No GPS though. I was hoping the watch would at least have that so I didn't have to put up with Garmin's terrible software anymore.

Maybe rev. 2.

I've never seen a sleek, tiny watch that had GPS. The Fitbit Surge is the smallest I've seen and it's still pretty huge - more like a bracelet than a watch.

Pictures of it on actual wrists here: http://www.cnet.com/news/fitbit-charge-charge-hr-and-surge-h...

I don't know the nuts and bolts details but I think GPS has power/size requirements that preclude it from fitting in the size of something like a "normal" watch, at least until there's a major advance in battery technology.

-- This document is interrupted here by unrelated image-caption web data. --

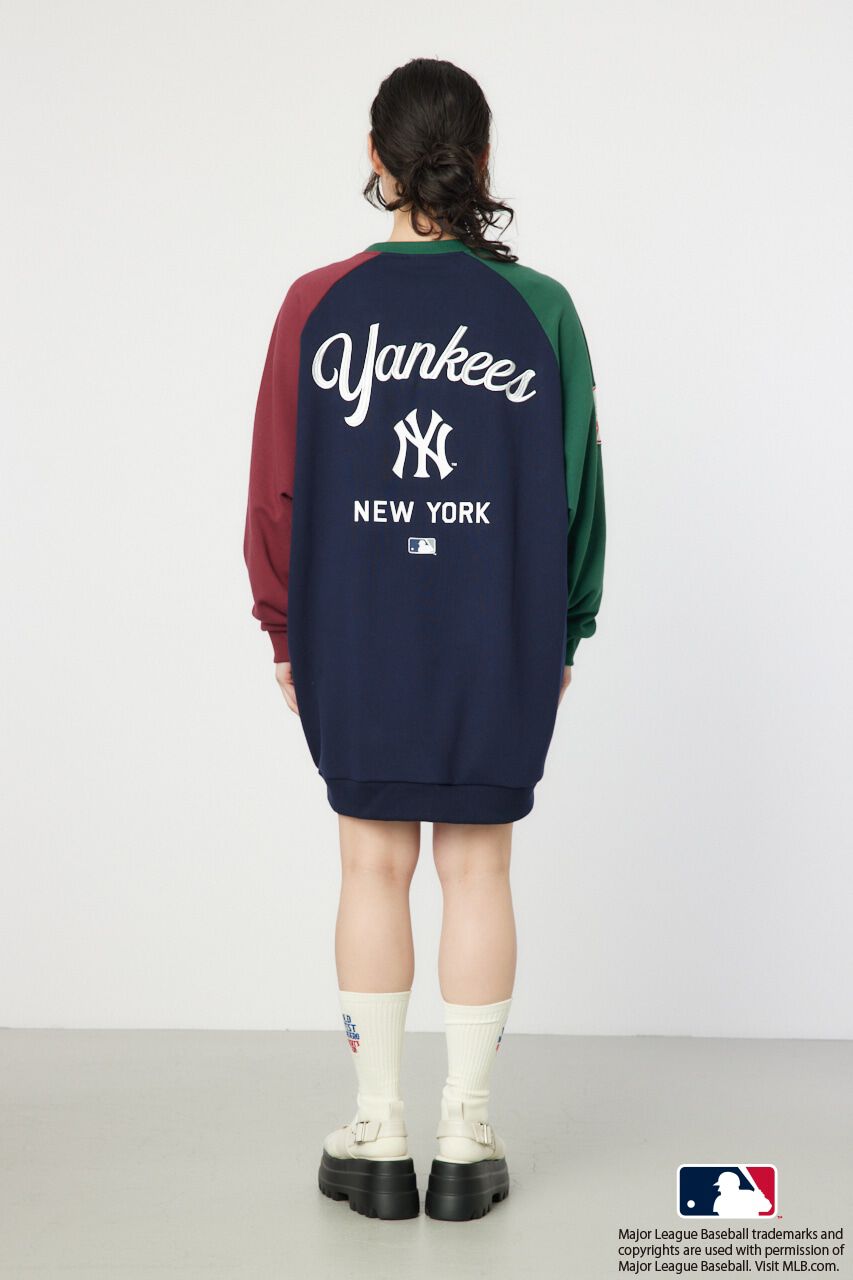 RODEO CROWNS「MLBラグランスウェットワンピース」|ワンピース|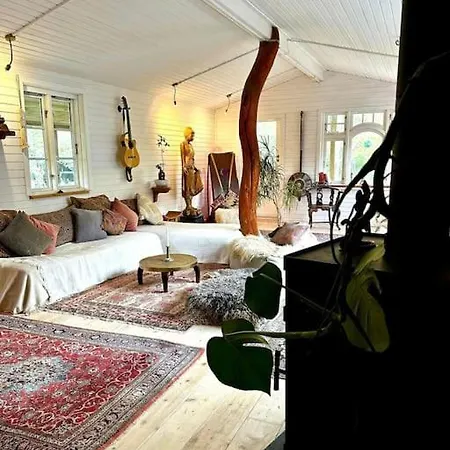 Rageleje Coastal Oasis With Wood-fired Sauna Feriehus Græsted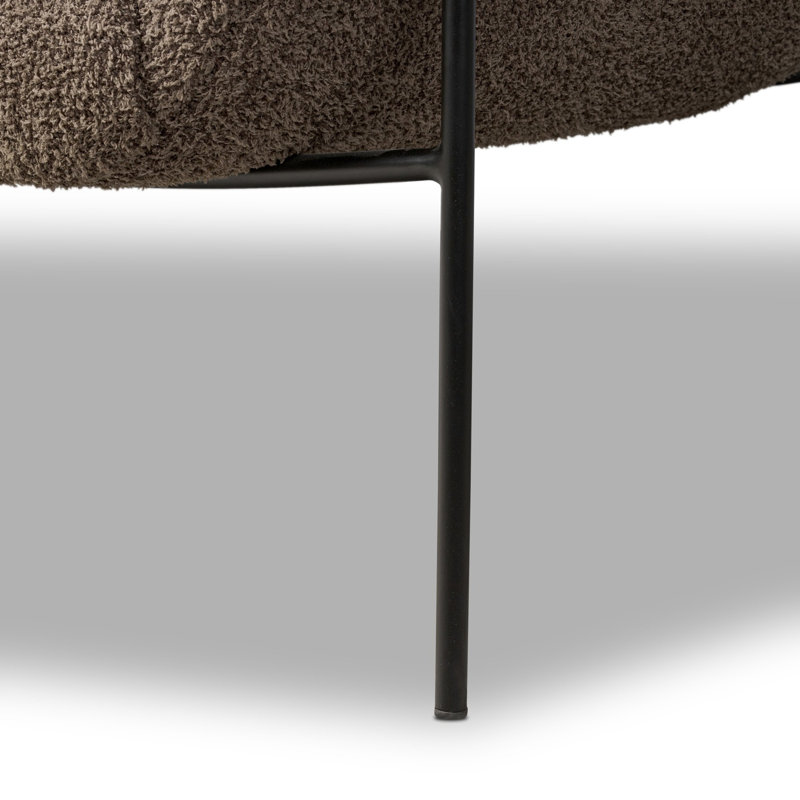 Suerte Armchair, Sheldon Java Polyester Blend
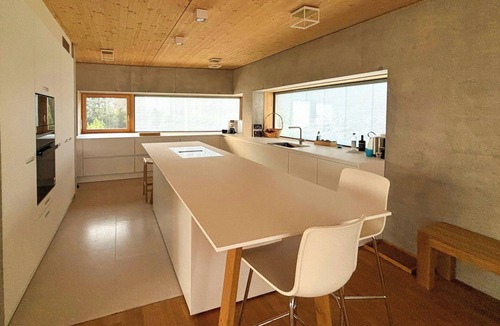 Herrsching am Ammersee House | Architect house with panoramic views at Ammersee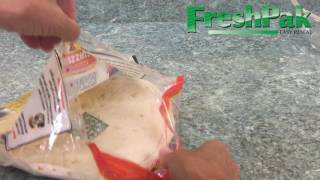 FreshPak on Tortilla Package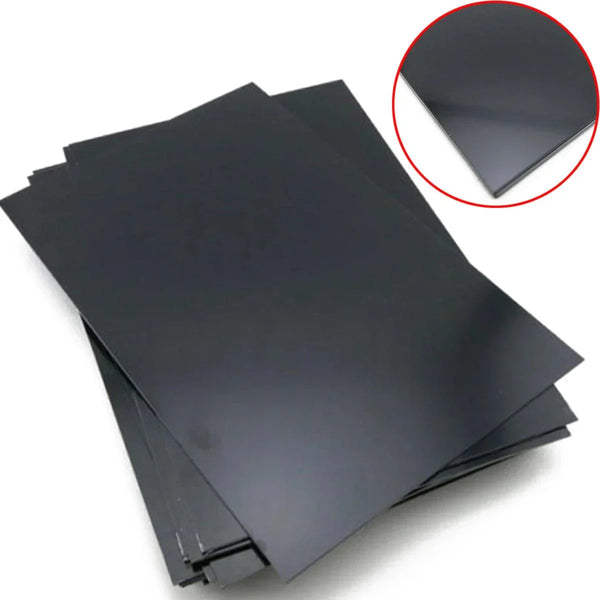 ABS plastic sheet used for crafts and model kits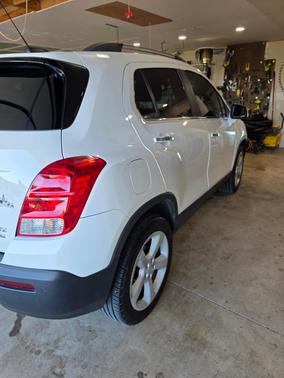 White 2015 Chevrolet Trax LTZ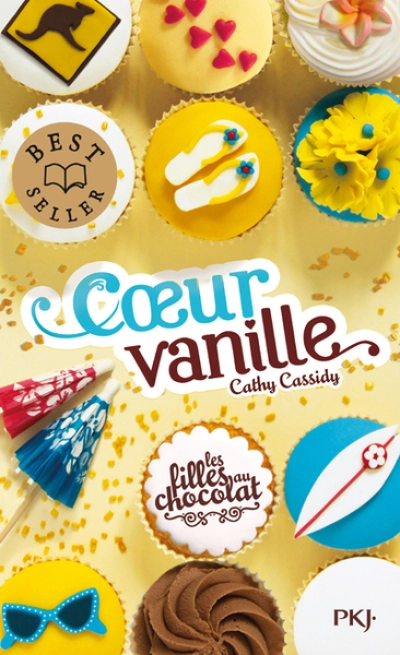 Les filles au chocolat, Tome 5 : Coeur Vanille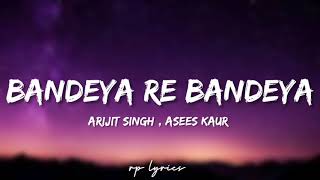 Bandeya Rey Bandeya Full Video Song  Arijit Singh Asees Kaur  Simmba  Sara Ali K  Ranveer S [upl. by Kisor957]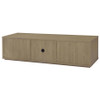 Ingram 4-Door TV Stand for TVs up to 85 Inches Latte / CS-701693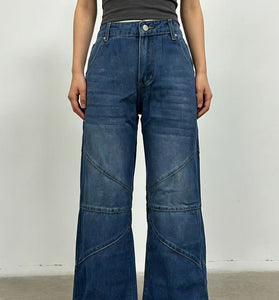 Classic Straight Jeans with Modern Flare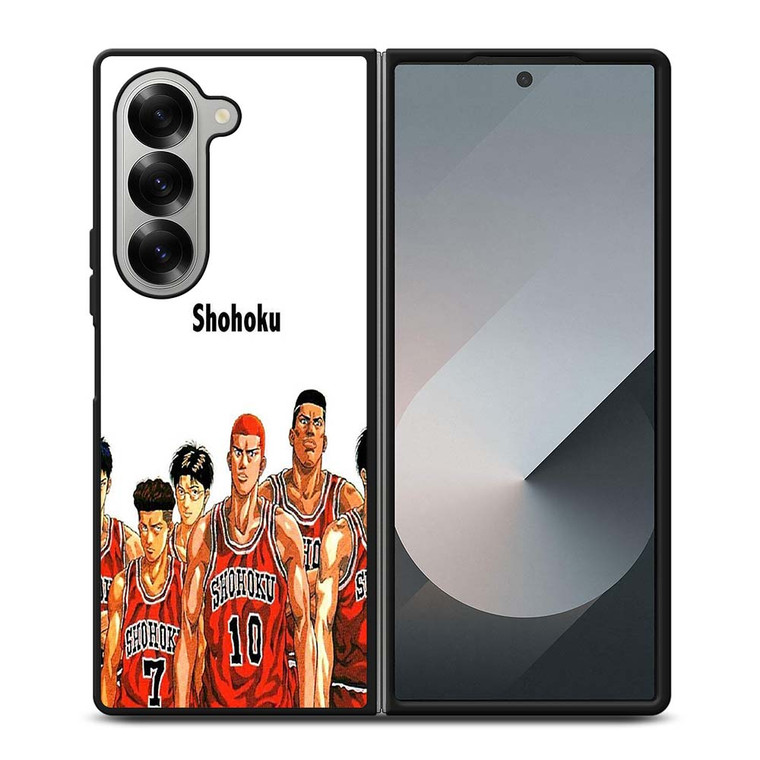 SLAM DUNK SHOHOKU HIGH ANIME Samsung Galaxy Z Fold 6 Case Cover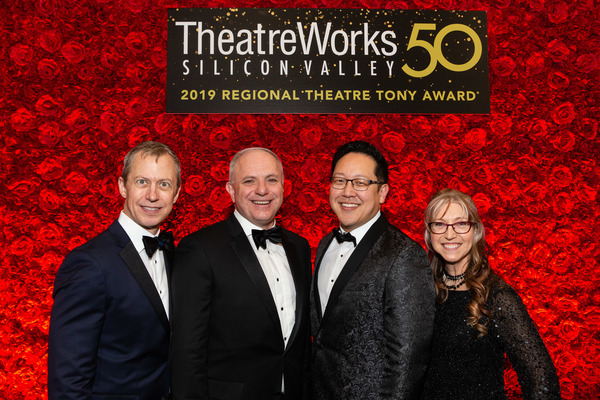 Photo Flash: Stephen Schwartz, Andrew Lippa, and More Attend CELEBRATING THEATREWORKS AT 50 Image
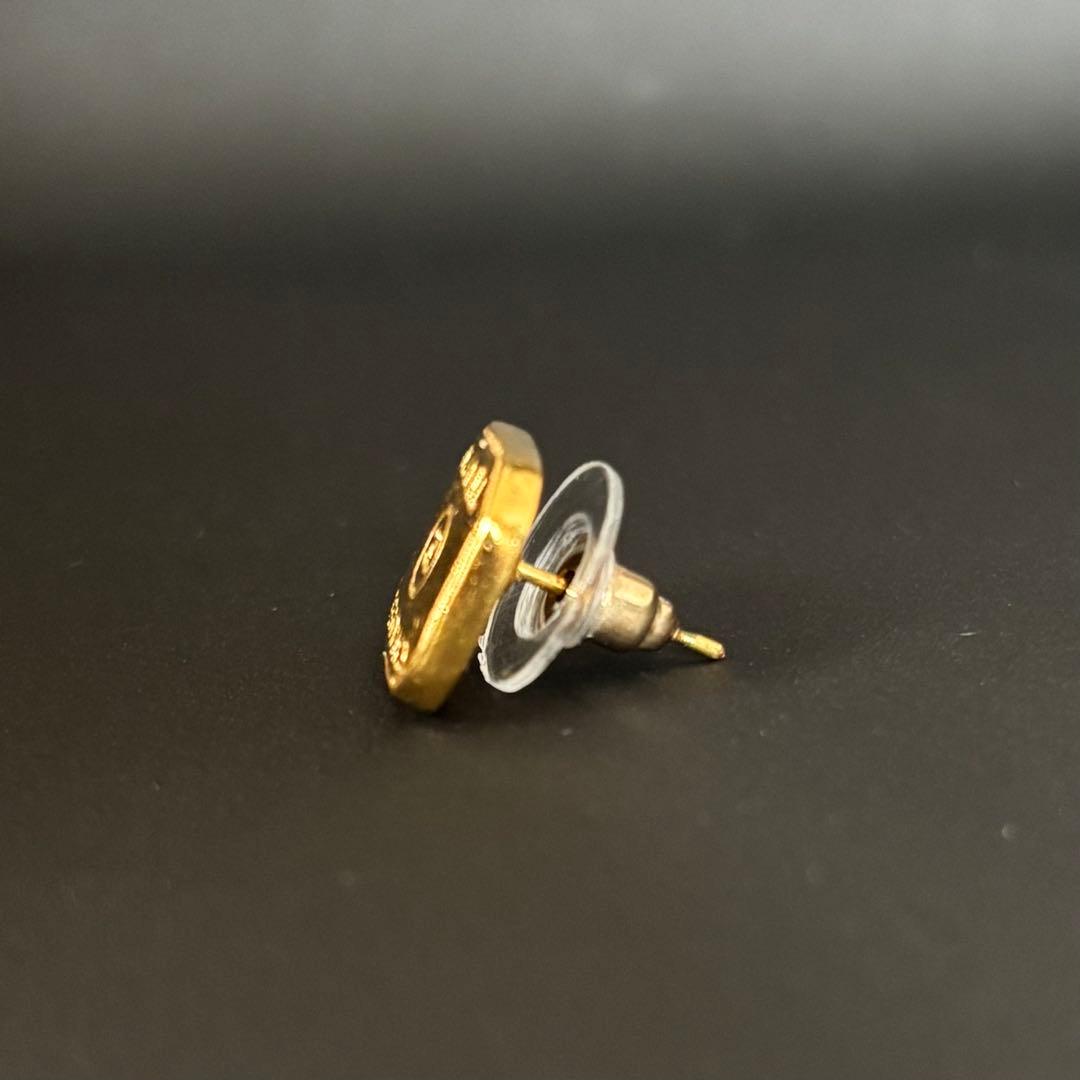 【良品】【シャネル】ロゴ ココマーク スクエア 99A ピアス 片方 片耳
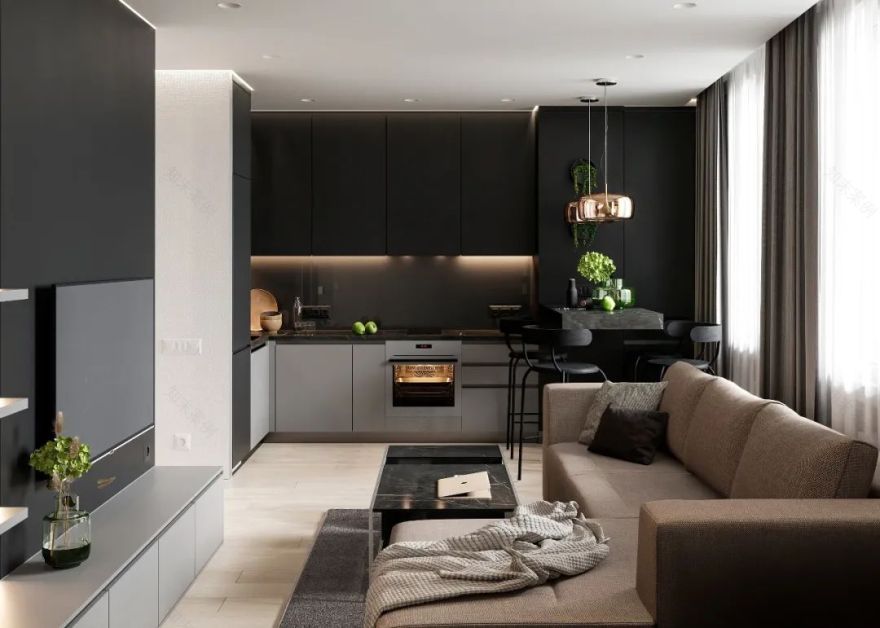 川谷堂——简约高级的三口之家-19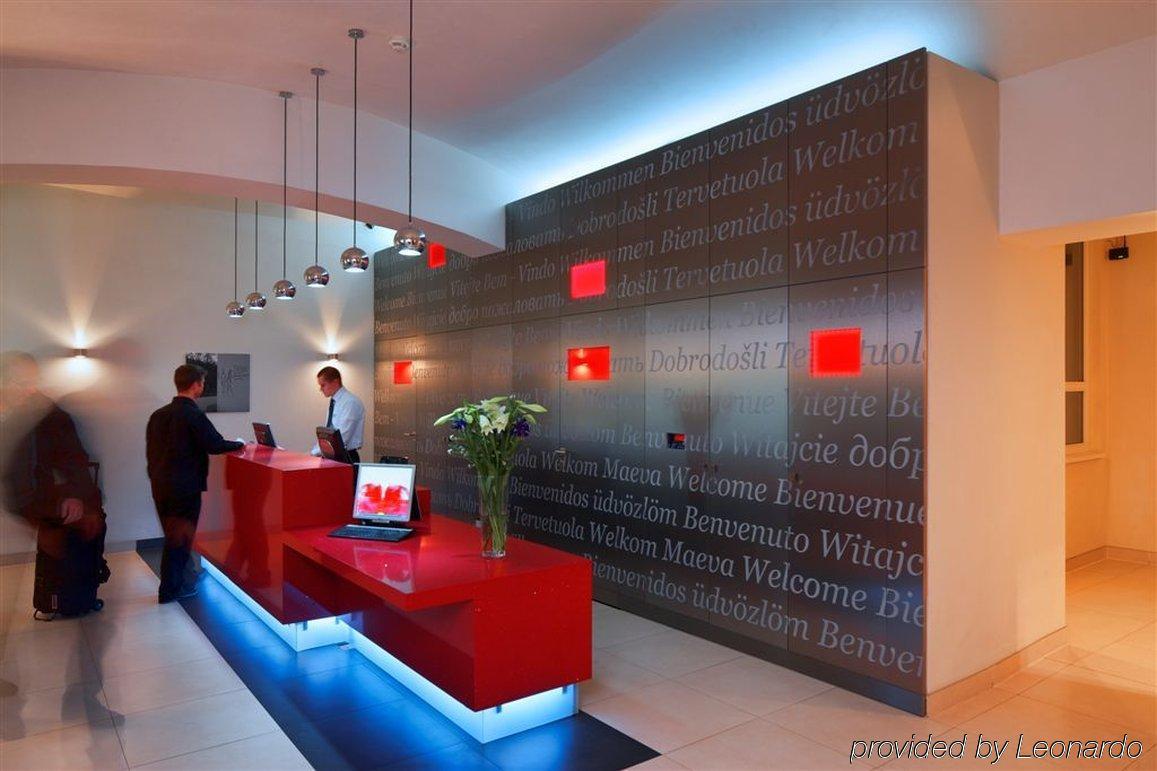 Red & Blue Design Hotel Πράγα Εσωτερικό φωτογραφία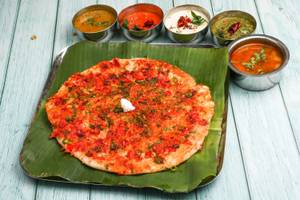 Tomato Onion Uttappa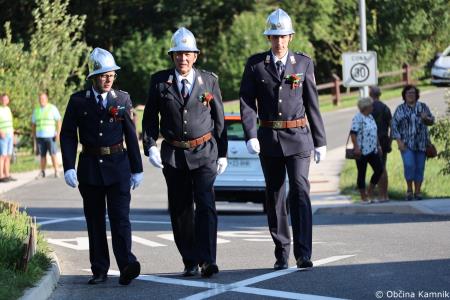 Slovesnost ob odprtju prizidka Prostovoljnega gasilskega društva Tunjice (5)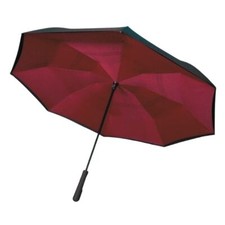 Wonderdry Umbrella Regenschirm mit Umstülptechnik Rot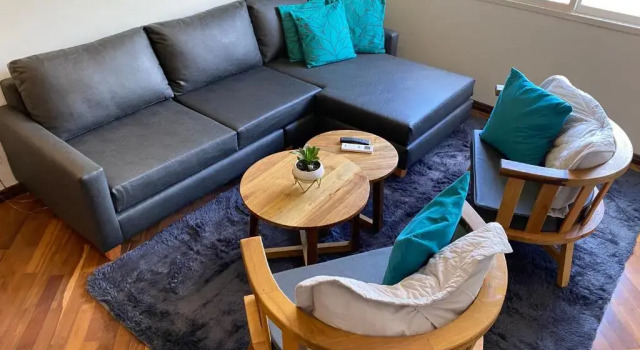 Апартаменты с 3 комнатами Marín Apartments
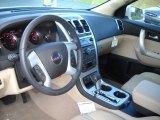 2011 GMC Acadia SLT AWD Cashmere Interior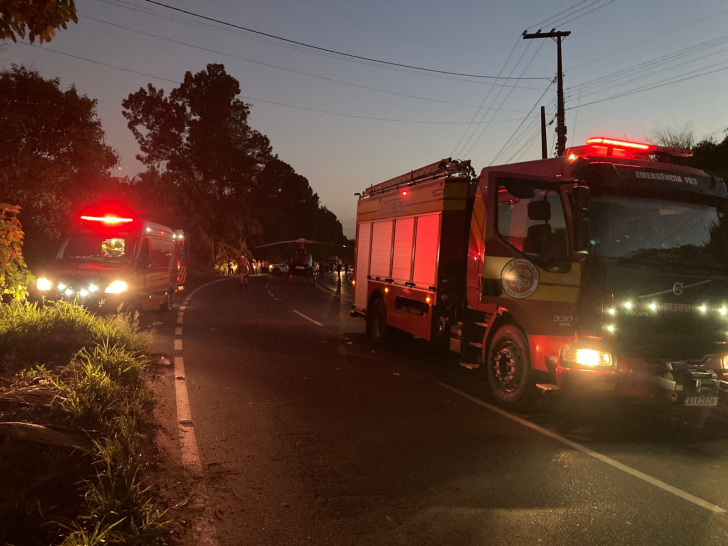 Fotos: Divulgação/ Corpo de Bombeiros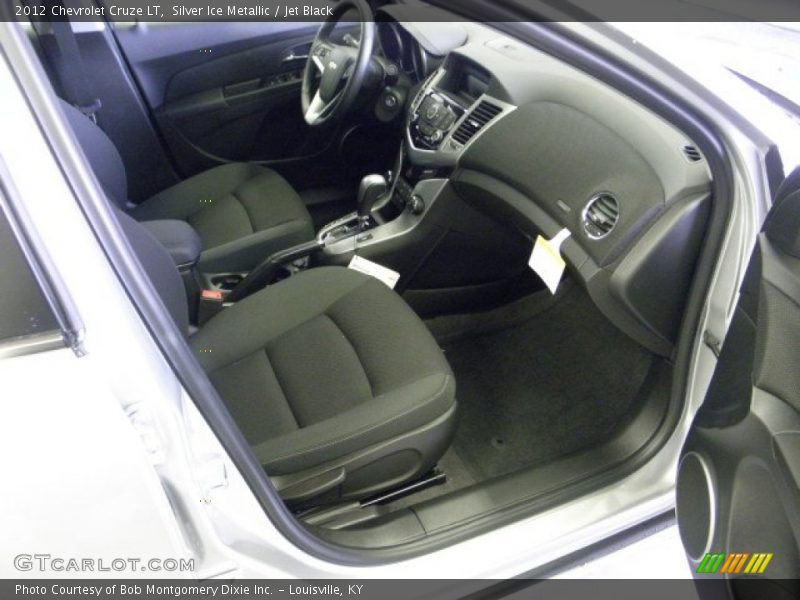 Silver Ice Metallic / Jet Black 2012 Chevrolet Cruze LT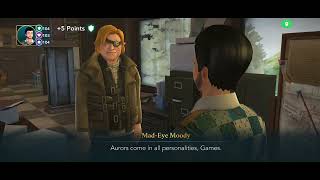 HARRY POTTER HOGWARTS MYSTERY  BEYOND HOGWARTS  Volume 2 Chapter 6 Part 3 Go To Ministry [upl. by Zoila]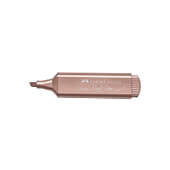 Marcador Faber-Castell Texliner metal rosa
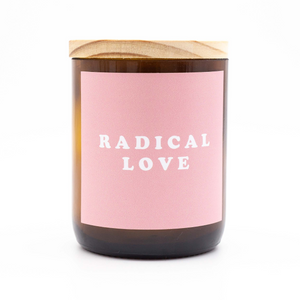 HAPPY DAYS - RADICAL LOVE 260G CANDLE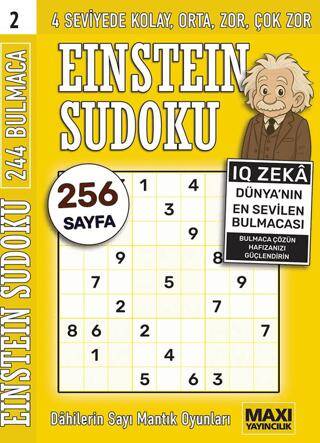 Einstein Sudoku 2 - 1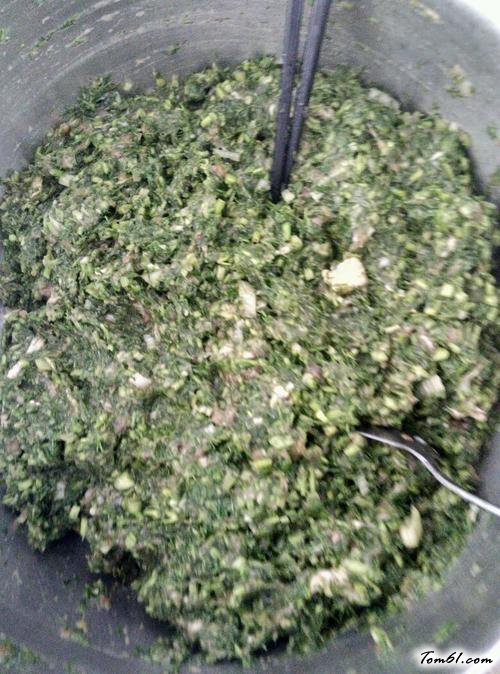 【茴香馅饺子】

Well, the watch isn't all that tiny, and Garmin does make a line of GPS watches similar in size to the 38mm watch.

I have no comment on accuracy, as I bought the expensive and much larger Forerunner 910XT. The current top of the line Garmin is the Fenix 3, which again is similarly-sized.

So, what I've heard -- and I'm not sure what the source was -- is that if you go for a few runs with your phone in your pocket, the Watch will be able to map the run without your phone, after it has learned your stride, etc.
I can't foresee GPS being a standalone component on watches due to battery drains. Garmin's watch currently gives me 10 hours on GPS, but that's also due to the fact that all it does is track my run.
Maybe Apple can add a low-power GSM/2G phone modem to Apple Watch v2. Then one could do outdoor sport without carrying a smartphone in the pocket.